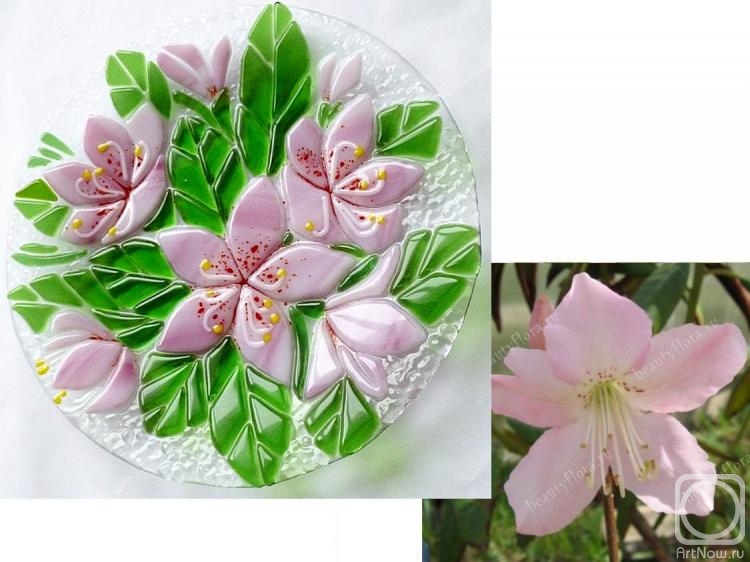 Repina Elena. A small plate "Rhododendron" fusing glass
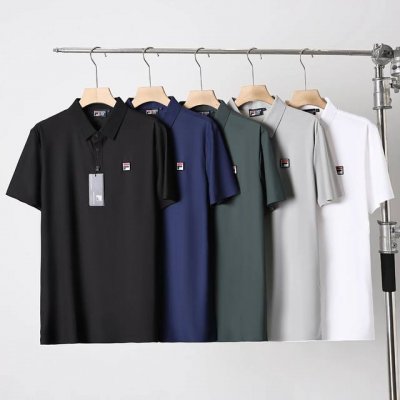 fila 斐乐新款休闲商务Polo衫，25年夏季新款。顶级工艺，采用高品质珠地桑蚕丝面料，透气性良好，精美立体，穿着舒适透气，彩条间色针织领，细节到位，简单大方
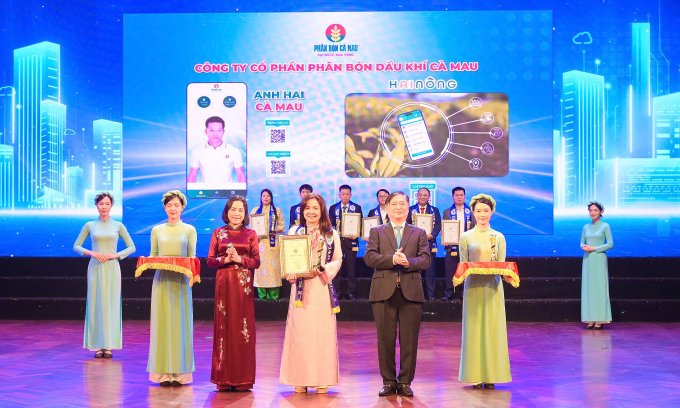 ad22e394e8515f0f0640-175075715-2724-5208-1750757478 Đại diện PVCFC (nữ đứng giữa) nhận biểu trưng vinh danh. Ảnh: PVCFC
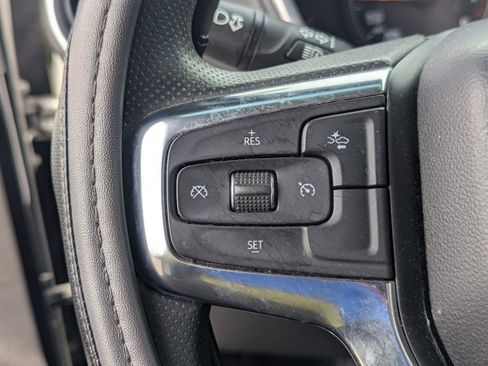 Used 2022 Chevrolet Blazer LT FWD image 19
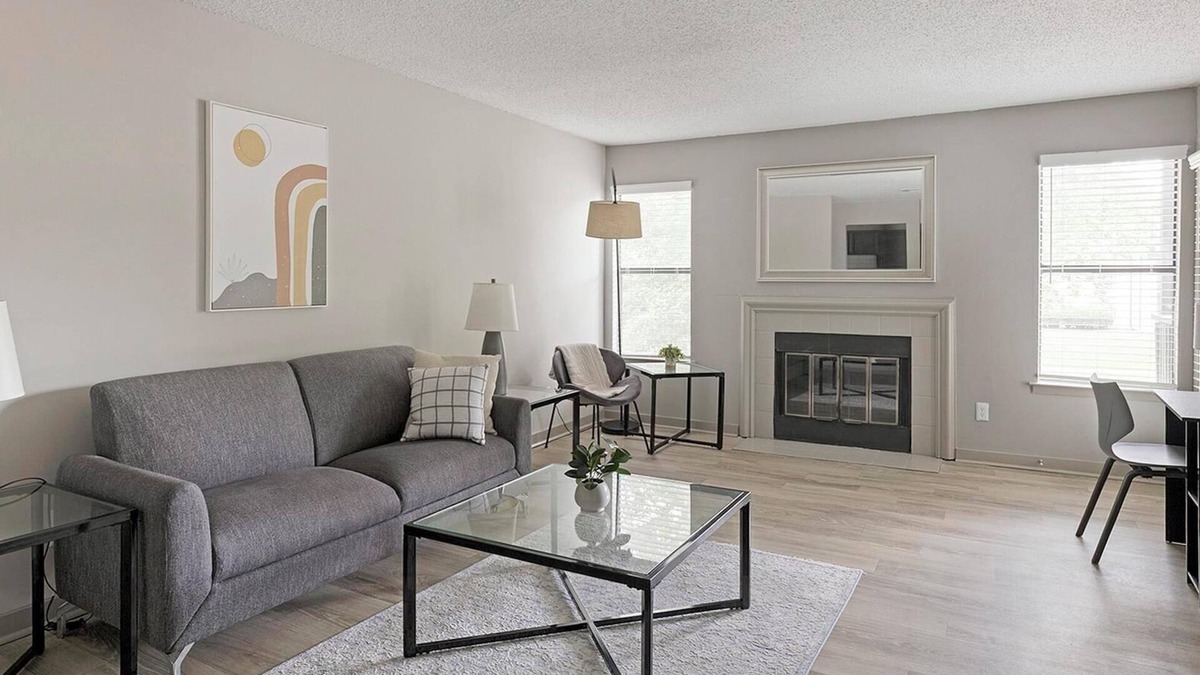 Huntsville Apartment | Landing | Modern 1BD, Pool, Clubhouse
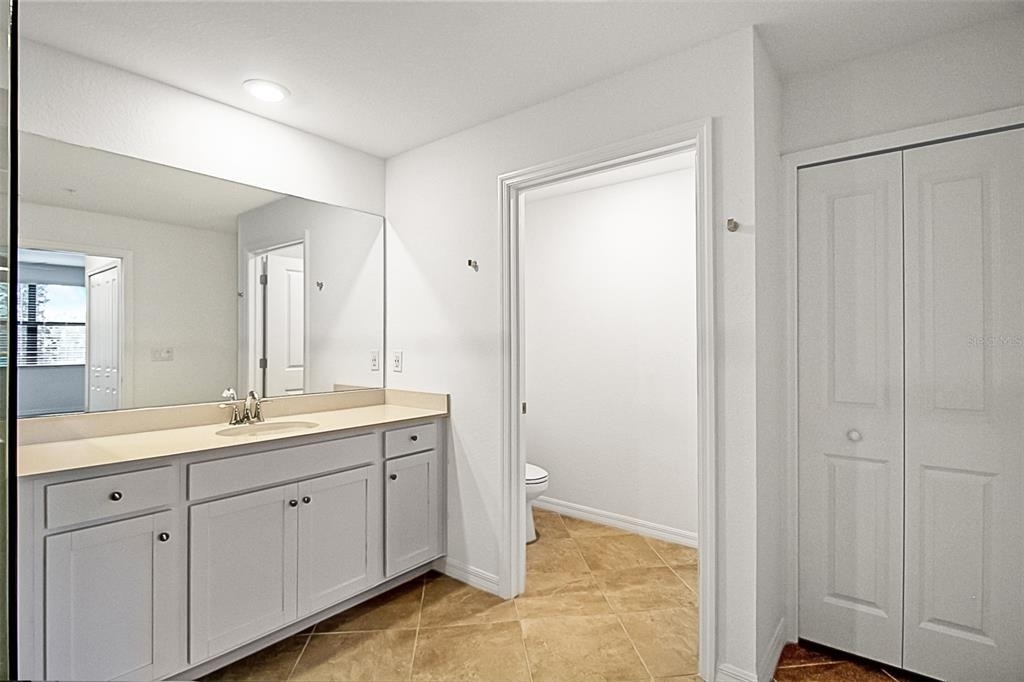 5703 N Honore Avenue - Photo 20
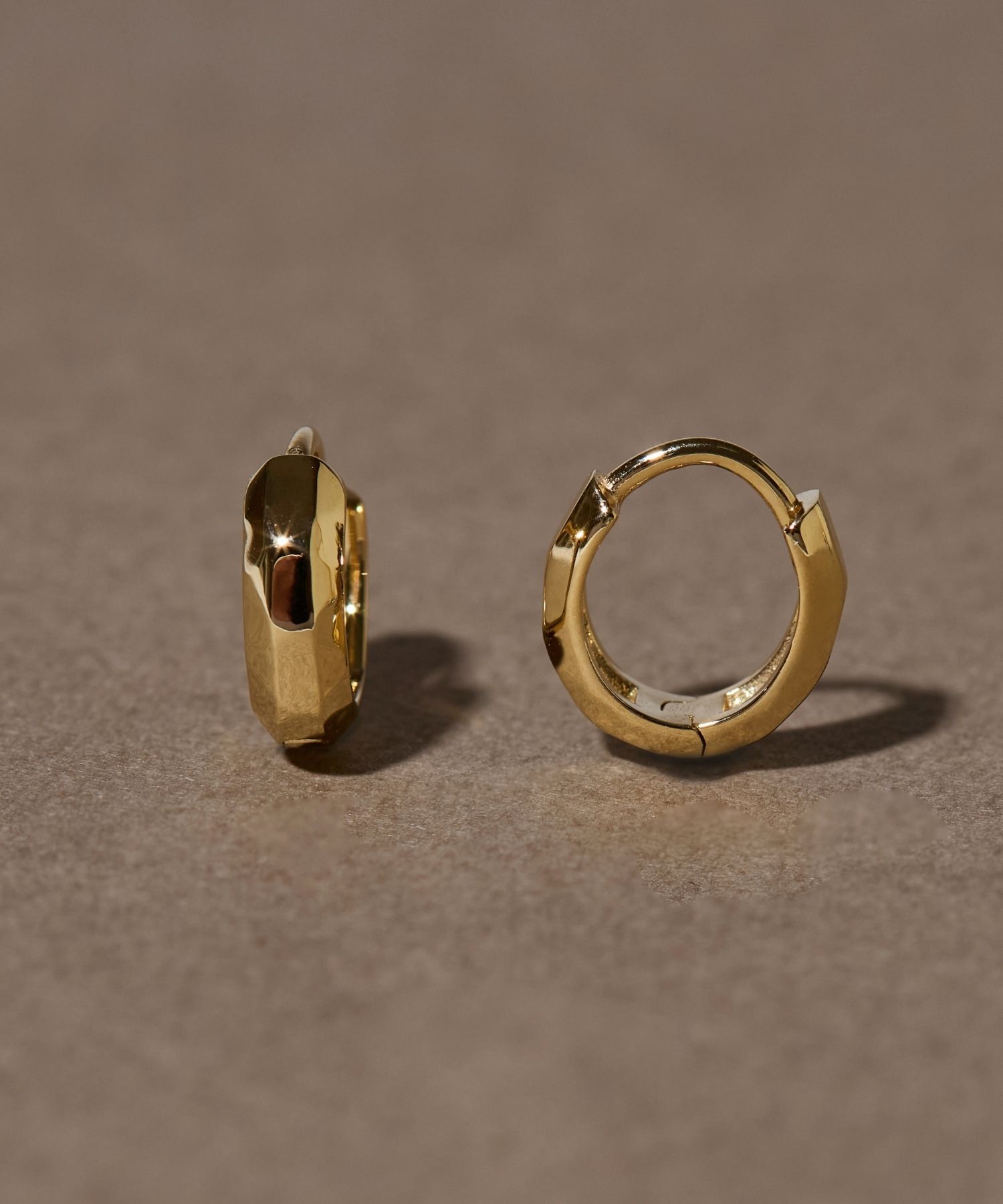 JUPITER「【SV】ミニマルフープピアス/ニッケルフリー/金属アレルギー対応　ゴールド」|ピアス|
----
> [TASK DESCRIPTION]:
Please restate word for word each line from the one containing "ad22e394e8515f0f0640-175075715-2724-5208-1750757478 Đại diện" to the end of the data above, without the pictures.

> [RESULT BELOW]:
 ad22e394e8515f0f0640-175075715-2724-5208-1750757478 Đại diện PVCFC (nữ đứng giữa) nhận biểu trưng vinh danh. Ảnh: PVCFC
 Used 2022 Chevrolet Blazer LT FWD image 19
 Huntsville Apartment | Landing | Modern 1BD, Pool, Clubhouse
 5703 N Honore Avenue - Photo 20
 JUPITER「【SV】ミニマルフープピアス/ニッケルフリー/金属アレルギー対応　ゴールド」|ピアス|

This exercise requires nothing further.